İrem İlgezdi1, Ufuk Şener2, Levent Öcek2, Şükran Köse3, Alp Sarıteke2, Figen Tokuçoğlu4, Yaşar Zorlu2

1Istanbul University, Istanbul Faculty of Medicine, Department of Neurology and Clinical Neurophysiology, Istanbul, Turkey
2University of Health Sciences Turkey, Izmir Tepecik Training and Research Hospital, Clinic of Neurology, Izmir, Turkey
3University of Health Sciences Turkey, Izmir Tepecik Training and Research Hospital, Clinic of Infectious Diseases and Clinical Microbiyology, Izmir, Turkey
4Balikesir University Faculty of Medicine, Department of Neurology, Balikesir, Turkey

Keywords: Hypothalamic pituitary adrenal axis, multiple sclerosis, copeptin

Abstract

Objective: Hypothalamic-pituitary-adrenal (HPA) axis dysfunction is thought to be found in patients with multiple sclerosis (MS). Copeptin is a serum protein that is indicated as an indirect marker of HPA axis. The aim of this study was to evaluate the relationship between HPA axis and clinically silent MS (CSMS) by evaluating copeptin levels.

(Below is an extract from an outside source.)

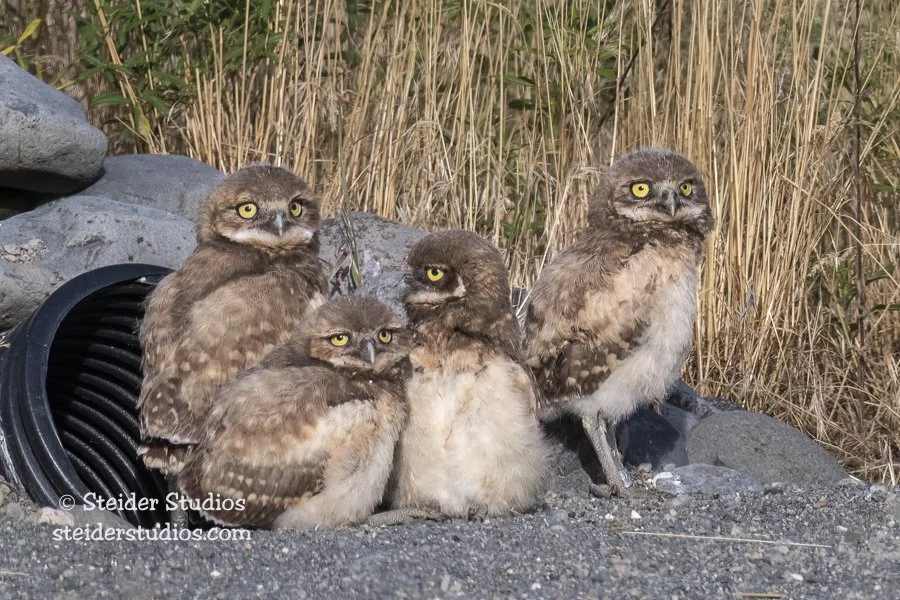 Steider Studios.Burrowing Owl.6.10.19-7.jpg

Materials and Methods: Sixty patients with CSMS which was defined as relapsing-remitting MS without attack and progression, and 60 healthy individuals were included in the study from September 2016 to September 2017. All patients were in the remission period. HPA axis dysfunction was examined by measuring serum copeptin levels in all individuals. Copeptin level was compared with clinical parameters in patients with MS.

Results: A total of 120 individuals were composed of 60 patients with CSMS and 60 healthy controls. The average ages of the patients and the control group were 37.1±8 (20-52) and 35.1±8.9 (18-54), respectively. The copeptin level was significantly lower in patients compared to the control group (p<0.001). In both groups, gender played no differential role in copeptin levels (p<0.05). No significant correlation was determined between copeptin levels, age (r=0.121, p=0.188), last Expanded Disability Status Scale score (r=-0.035, p=0.790) and disease duration (r=0.032, p=0.810).

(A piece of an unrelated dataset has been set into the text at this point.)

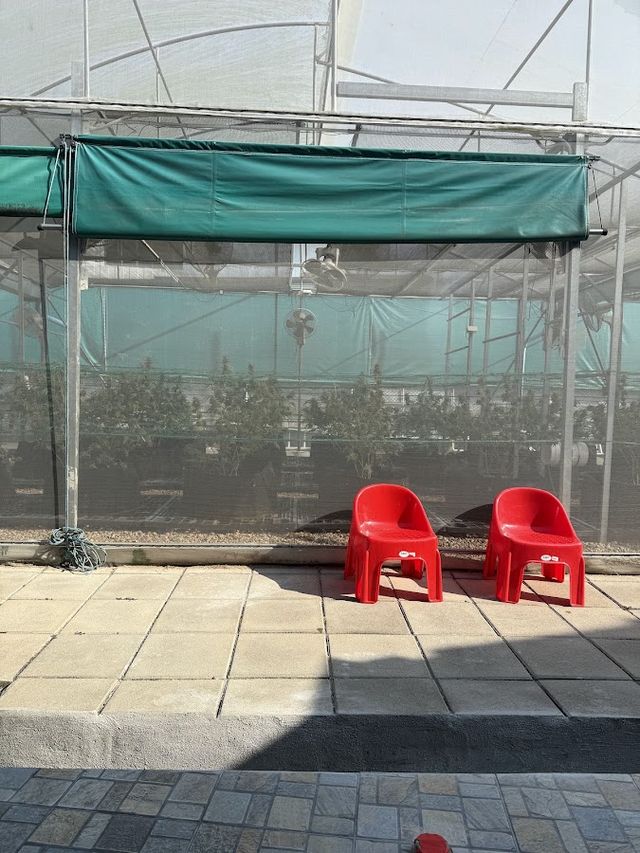 NGK Cannabis Farm And Tour storefront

Conclusion: These results indicate that HPA axis may also be hypoactive in remission period in patients with CSMS. According to our findings, we consider that copeptin levels can be used as a prognostic marker in patients with clinically inactive MS in the future.

Introduction

Environmental and genetic factors are effective in the development and progression of multiple sclerosis (MS) which is an autoimmune disease. At this point, the neuroendocrine system has important functions in triggering autoreactive immunity (1,2). The neuroendocrine system, which also has an immunomodulatory role, performs these effects through hormones, by using connection pathways such as the hypothalamic-pituitary-adrenal (HPA) axis.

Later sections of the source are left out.